**RECORD SET**

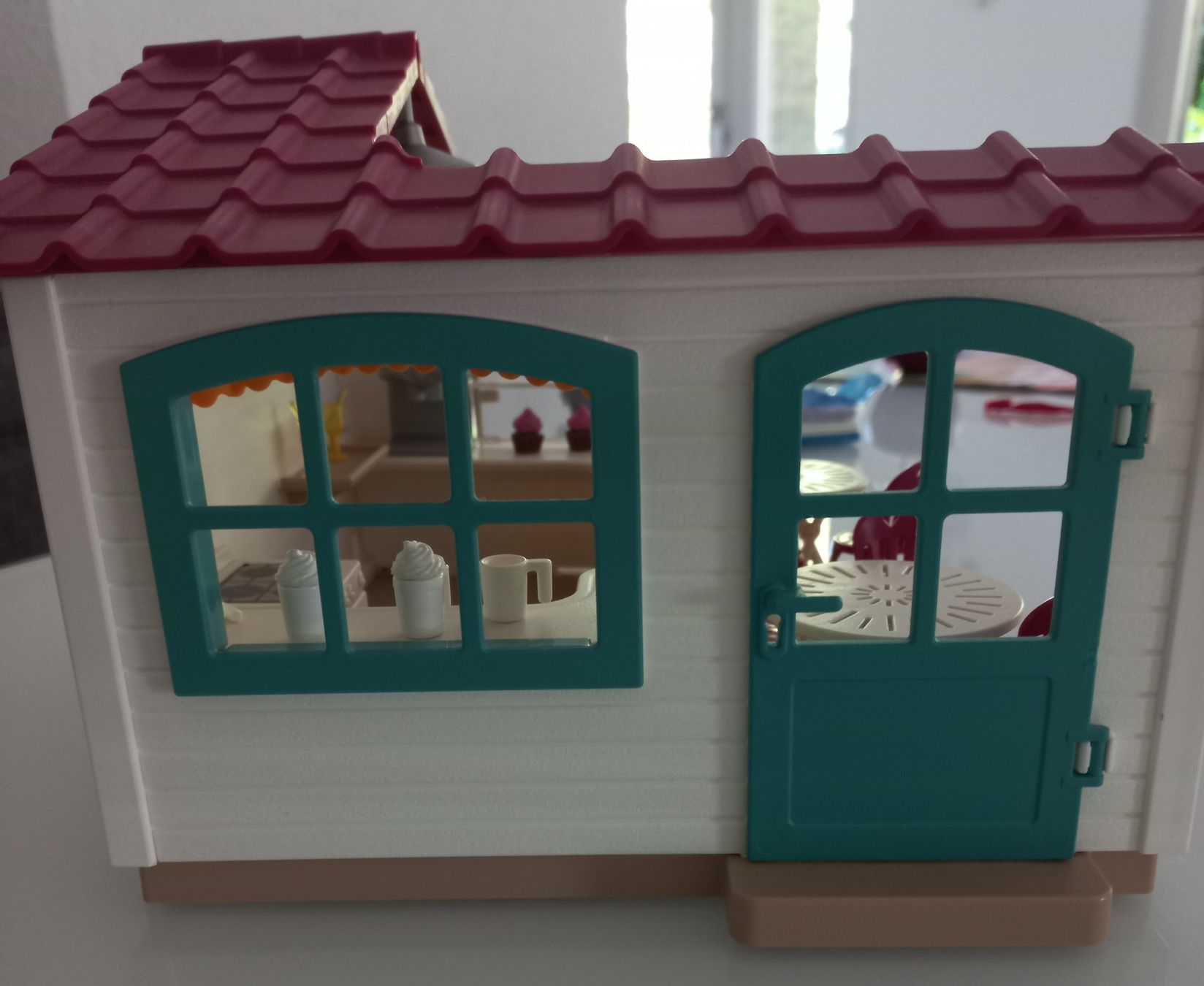 Spielhäuser: Schleich café restaurant  – Gebraucht aus Le Landeron von Liline89 3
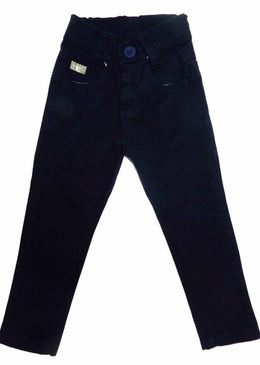 Calça Clássica de Sarja disponíveis nos tamanhos 01, 02, 08, 10, 12, 14, 16.A calça Possui Elástico Regulador de Tamanho , podendo ser ajustada no... 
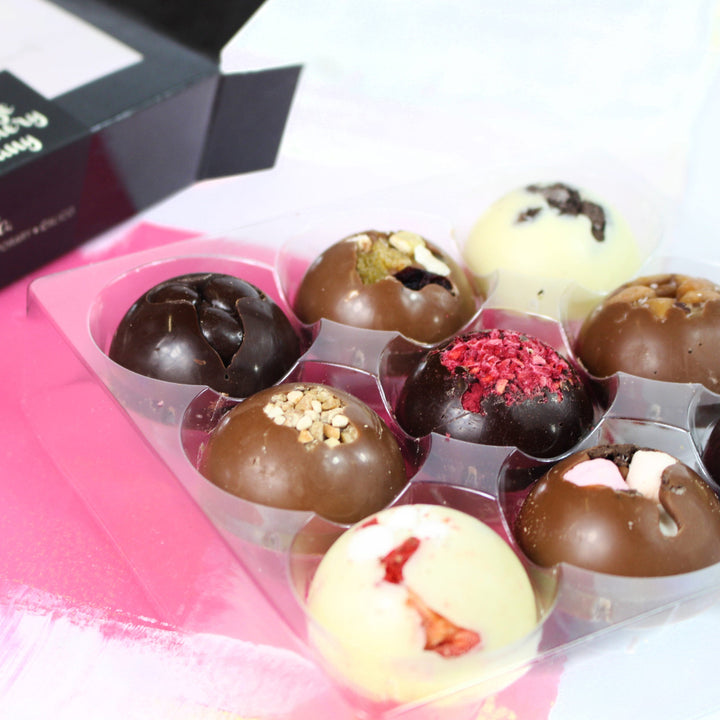 9 Luxury Solid Chocolate Domes Gift Box (160g)
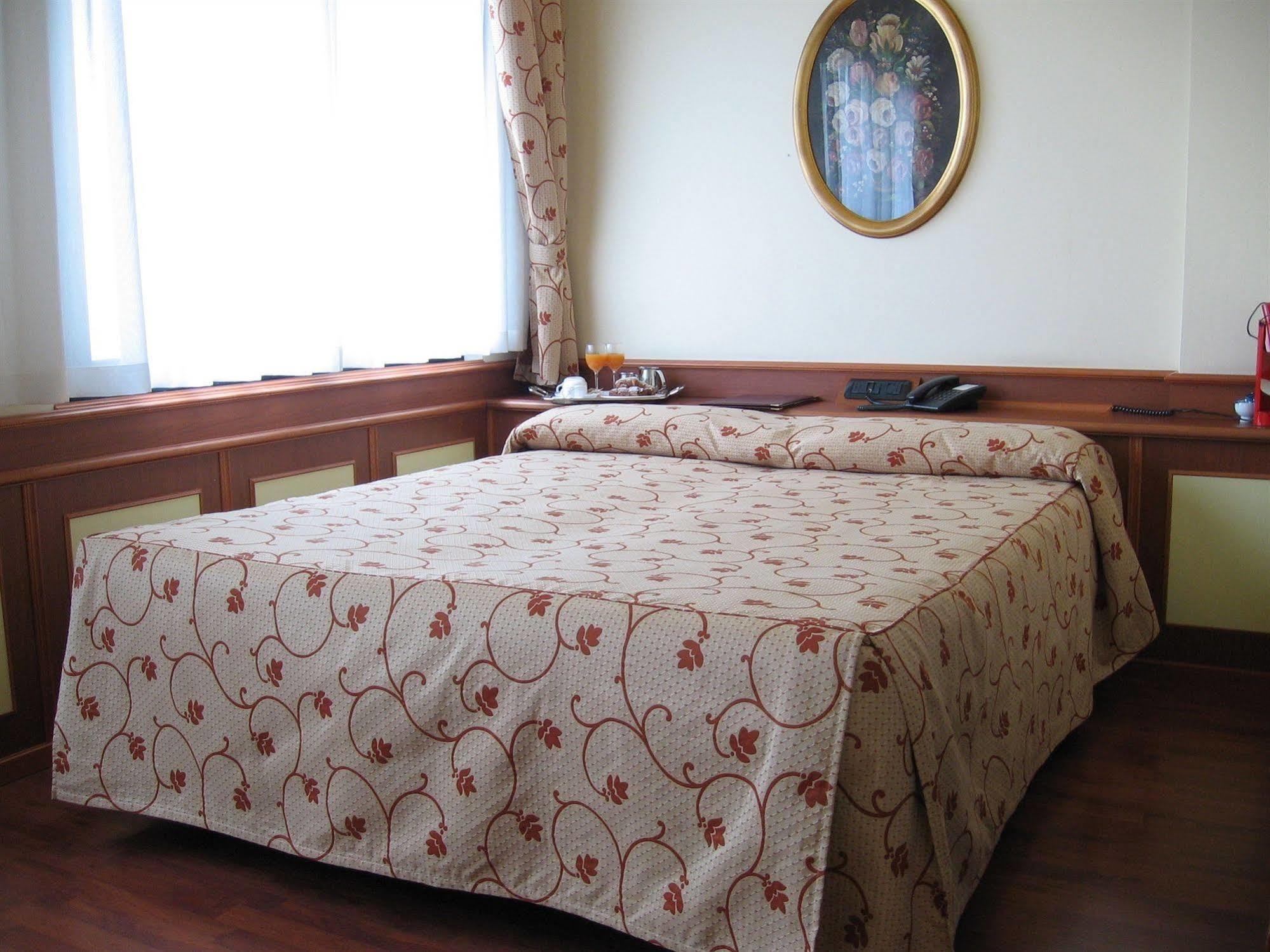 Melas Hotel Merate Ngoại thất bức ảnh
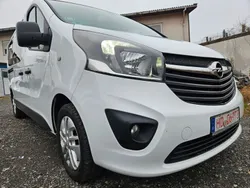Weiß Gebraucht 2015 Opel Vivaro Van | 19.700 €
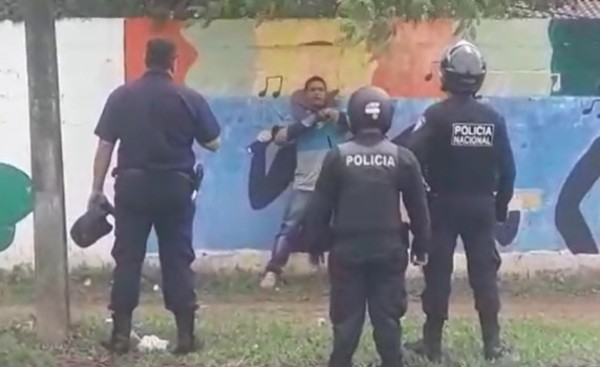 Indigena que amenazaba con machetes a transeúntes es detenido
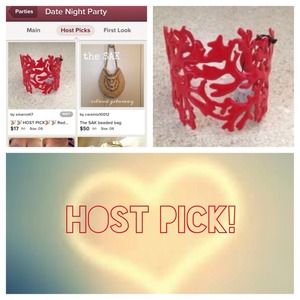 🚫SOLD🚫🚫🎉HOST PICK🎉🎉Red Coral Reef Cuff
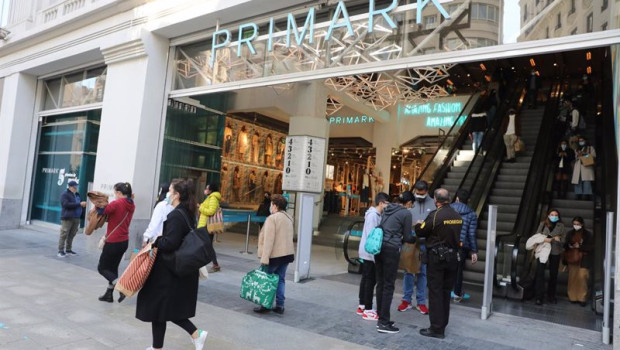 ep archivo   transeuntes pasan al lado del primark de gran via en madrid espana a 13 de noviembre de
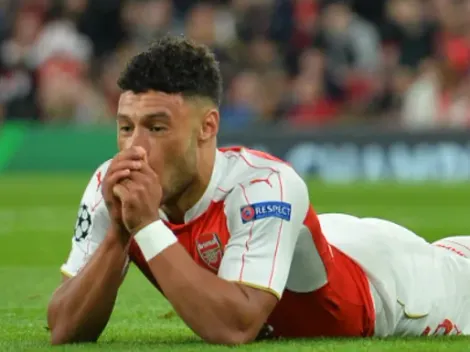 Oxlade-Chamberlain dio like a tuit que pedía el despido de Wenger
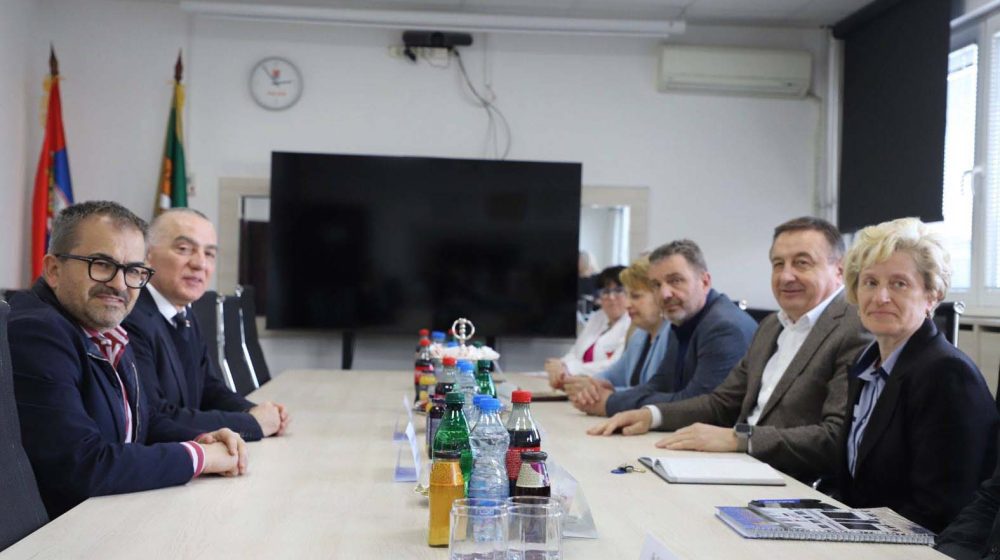 Ministar Vujić uoči izbora obišao pravosudne institucije u Bajinoj Bašti i Sevojnu 1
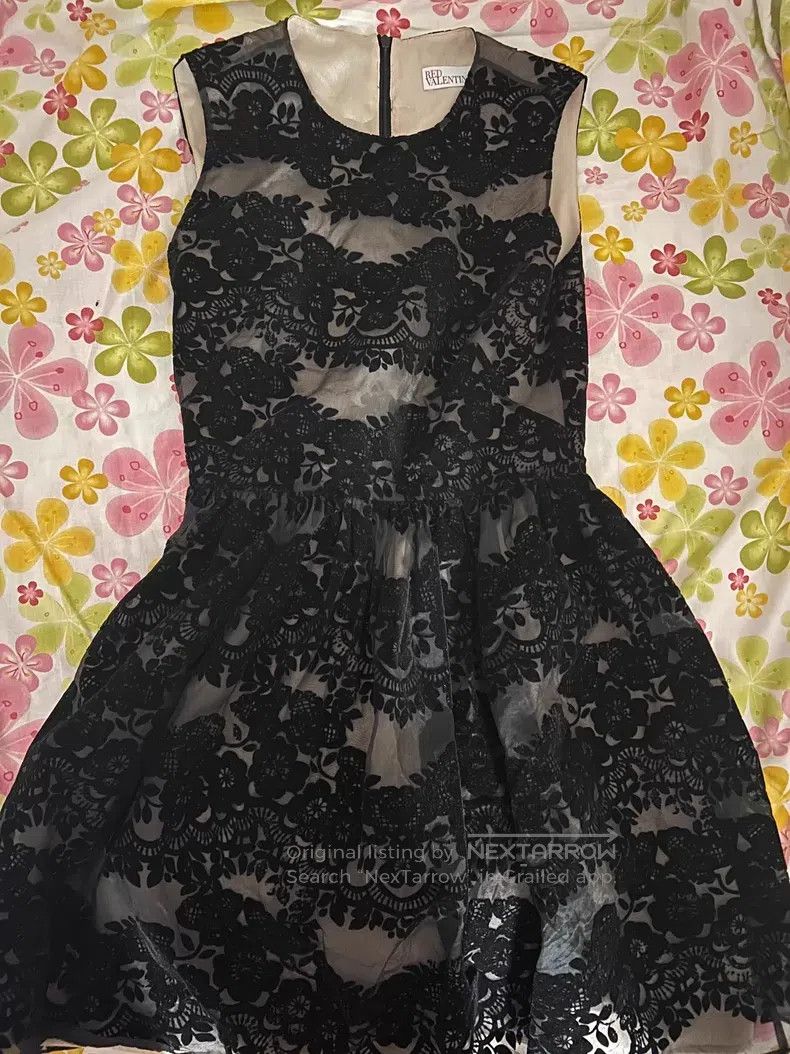 Valentino Valentino Black lace bud dress Size M / US 6-8 / IT 42-44 - 2 Thumbnail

**TASK BRIEF**
If a picture falls within the span, leave it out, and reproduce exactly the lines from the one containing "de noviembre de" through the end of the material, and no others.

**ANSWER FOR THE TASK**
 ep archivo   transeuntes pasan al lado del primark de gran via en madrid espana a 13 de noviembre de
 Oxlade-Chamberlain dio like a tuit que pedía el despido de Wenger
 Ministar Vujić uoči izbora obišao pravosudne institucije u Bajinoj Bašti i Sevojnu 1
 Valentino Valentino Black lace bud dress Size M / US 6-8 / IT 42-44 - 2 Thumbnail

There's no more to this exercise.